I love my book club. We rotate around to people’s houses and get together every few weeks to talk about a new book over food and laughter. It is always a most excellent way to spend an evening. Our latest hosts cooked up an Indian feast, so I decided to try my hand at some chai-inspired cupcakes.

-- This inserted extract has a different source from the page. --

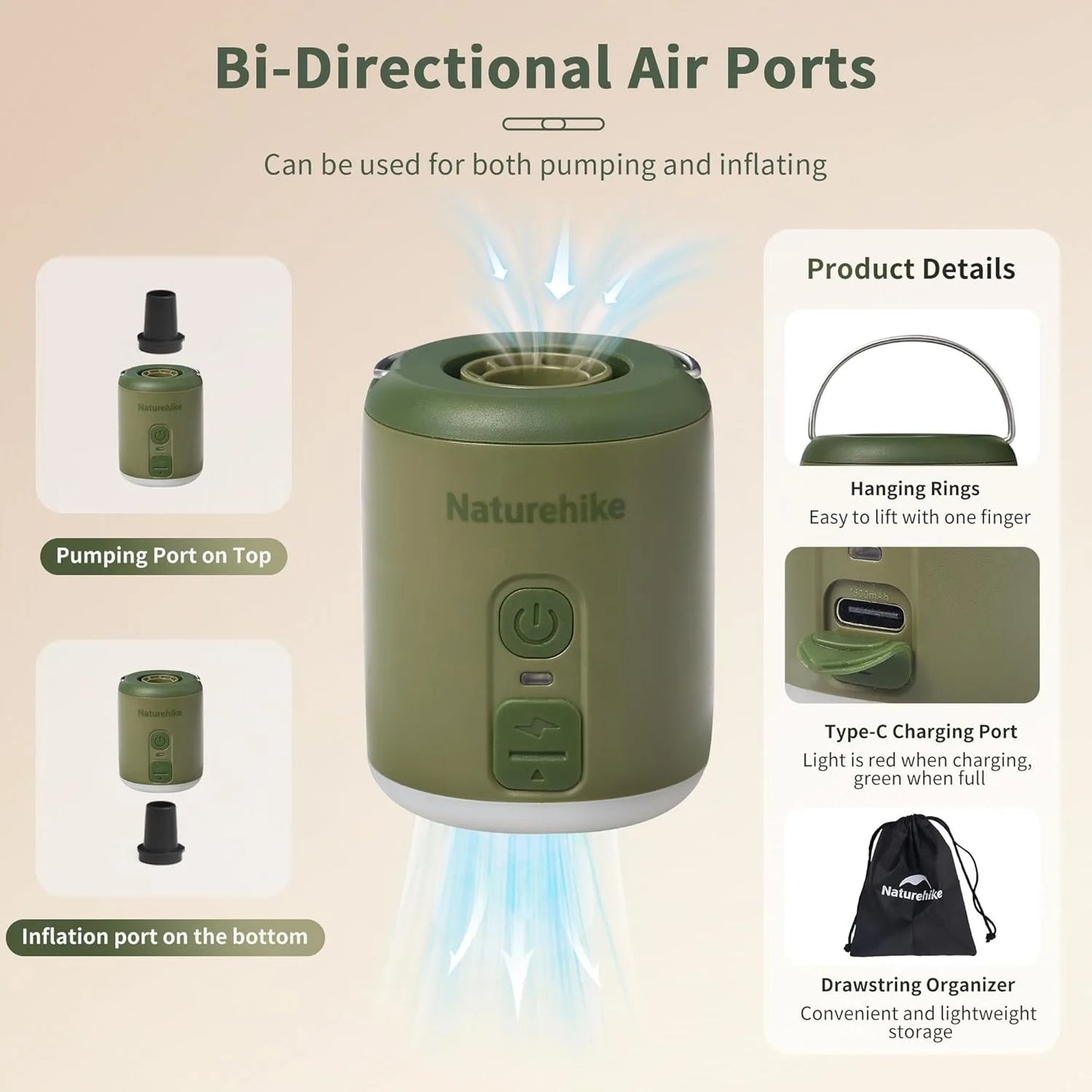 Naturehike Compact Electric Air Pump For Camping Inflatables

These spicy little cakes are balanced out by a delicious cream cheese frosting (plus a surprise filling)!

20150130 Chai Cupcake 04

You will need:

  • 2 t ground cinnamon, divided
  • 1/2 t ground ginger
  • 1/2 t ground nutmeg
  • 1/2 t ground cardamom
  • 1/4 t ground allspice
  • 1/8 t ground black pepper
  • 1 c (2 sticks) unsalted butter, room temperature, divided
  • 1 c granulated sugar
  • 1 egg
  • 1 t vanilla extract, divided
  • 1/4 t salt
  • 1 1/2 t baking powder
  • 1 3/4 c flour
  • 2/3 c milk
  • 8 oz light cream cheese, room temperature
  • 3 1/2 c powdered sugar
  • OPTIONAL: caramel sauce (I picked up a 10 oz Fleur de Sel version from Trader Joe’s)

20150130 Chai Cupcake 02

Then you will…

  1. Preheat your oven to 350 degrees. Add paper liners to a tray for 12 cupcakes.
  2. In a small bowl, mix together 1/2 teaspoon of the cinnamon with the ginger, nutmeg, cardamom, allspice and pepper. Set aside.
  3. In a large mixing bowl, cream 1/2 of the butter into the granulated sugar.
  4. Mix in the egg and 1/2 teaspoon of the vanilla until well combined and fluffy.
  5. Mix in the salt, baking powder, and 1 1/2 teaspoons of the spice mixture.
  6. Mix in the flour and the milk, alternating between the two. Stir just until combined.
  7. Fill each cupcake cup 2/3s full of batter.
  8. Bake 15-20 minutes, until slightly golden. A toothpick or tester in the middle should come out clean.
  9. Remove from the oven and allow to cool for 15 minutes.
  10. Remove from the cupcake tin and cool completely on a wire rack.
  11. In a stand mixer or using an electric mixer, beat together the cream cheese with the remaining 1/2 cup of butter.
  12. Beat in the remaining 1 1/2 teaspoons of cinnamon, 1/4 t of the chai mixture and the remaining 1/2 teaspoon of vanilla extract.
  13. Slowly mix in the powdered sugar on low speed until combined. Then increase the speed to medium until fluffy and smooth.
  14. OPTIONAL: Use a cupcake or apple corer to remove a small part of the top of the cupcake. Fill with the caramel sauce.
  15. Frost the cupcakes as liberally as desired.
  16. Share with friends (and there will be no leftovers)!